High Falls and freight train

James motions for us to move off the bridge and over to a viewing platform to our left, where we can get a view of the falls and the older downtown with the Kodak Tower dominating the skyline. By now the sun is starting to set and magic hour begins, bathing the scene in warm light.


James tells me that his favorite time of the year to shoot the falls is in the winter, which has its challenges. “The wind whips out of the northwest and blows the freezing spray from the falls into your face and onto the front of your lens,” he says. “But when the wind isn’t blowing, it can be beautiful.”

“During winter, the sun moves to a position where sunsets can be viewed directly over the falls. This is my favorite time of year to shoot the falls – usually at dusk, but night shots can be dramatic as well with parts of the city skyline in the background.”

I notice that Rochesterians (Rochesterites?) are remarkably blasé about the High Falls.
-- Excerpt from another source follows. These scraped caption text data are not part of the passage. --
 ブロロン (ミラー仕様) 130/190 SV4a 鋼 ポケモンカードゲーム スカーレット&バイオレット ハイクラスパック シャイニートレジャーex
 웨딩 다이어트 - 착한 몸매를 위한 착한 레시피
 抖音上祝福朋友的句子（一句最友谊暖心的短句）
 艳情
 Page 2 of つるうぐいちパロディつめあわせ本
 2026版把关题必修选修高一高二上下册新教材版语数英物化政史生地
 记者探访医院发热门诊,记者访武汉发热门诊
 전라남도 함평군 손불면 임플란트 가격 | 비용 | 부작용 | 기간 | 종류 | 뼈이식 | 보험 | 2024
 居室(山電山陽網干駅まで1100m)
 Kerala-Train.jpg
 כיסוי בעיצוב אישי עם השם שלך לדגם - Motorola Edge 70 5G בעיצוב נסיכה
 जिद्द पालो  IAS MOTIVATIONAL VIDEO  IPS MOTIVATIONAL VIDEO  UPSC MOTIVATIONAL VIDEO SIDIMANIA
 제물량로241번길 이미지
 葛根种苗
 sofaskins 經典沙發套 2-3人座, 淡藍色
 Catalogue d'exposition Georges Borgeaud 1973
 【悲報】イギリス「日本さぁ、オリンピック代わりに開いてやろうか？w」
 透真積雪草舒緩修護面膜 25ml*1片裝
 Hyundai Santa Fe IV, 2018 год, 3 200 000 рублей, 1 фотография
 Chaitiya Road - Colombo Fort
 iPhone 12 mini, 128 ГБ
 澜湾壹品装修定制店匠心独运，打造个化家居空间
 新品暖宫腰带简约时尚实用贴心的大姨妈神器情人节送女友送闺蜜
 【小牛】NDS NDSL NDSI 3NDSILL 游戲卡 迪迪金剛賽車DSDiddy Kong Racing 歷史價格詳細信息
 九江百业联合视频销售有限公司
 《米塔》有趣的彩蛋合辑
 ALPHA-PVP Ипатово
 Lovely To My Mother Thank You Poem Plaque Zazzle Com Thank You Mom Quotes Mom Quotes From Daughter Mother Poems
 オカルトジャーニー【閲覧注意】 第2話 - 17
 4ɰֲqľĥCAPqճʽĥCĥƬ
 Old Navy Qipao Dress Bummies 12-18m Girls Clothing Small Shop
There’s a Middle and a Lower Falls as well, downriver, and they have their own natural beauty, but there’s something about this urban waterfall that I find arresting even after I spend two hours shooting it as many ways as I can, including close-ups of the water tumbling over the edge.

James Montanus is lucky to have this dramatic scenery literally right in his backyard, and I imagine that almost any city would be immensely improved with a waterfall within walking distance of its office towers and restaurants. The evening has provided a spectacular sunset as well, and as we start packing up our gear, I notice those other two icons of Rochester, the Kodak Tower and the Genesee Beer sign, silhouetted by the setting sun. Two more for Instagram, I say to myself as I snap a few last shots in the fading light.

Rick McGinnis was hosted by Visit Rochester, which didn’t approve or review this story.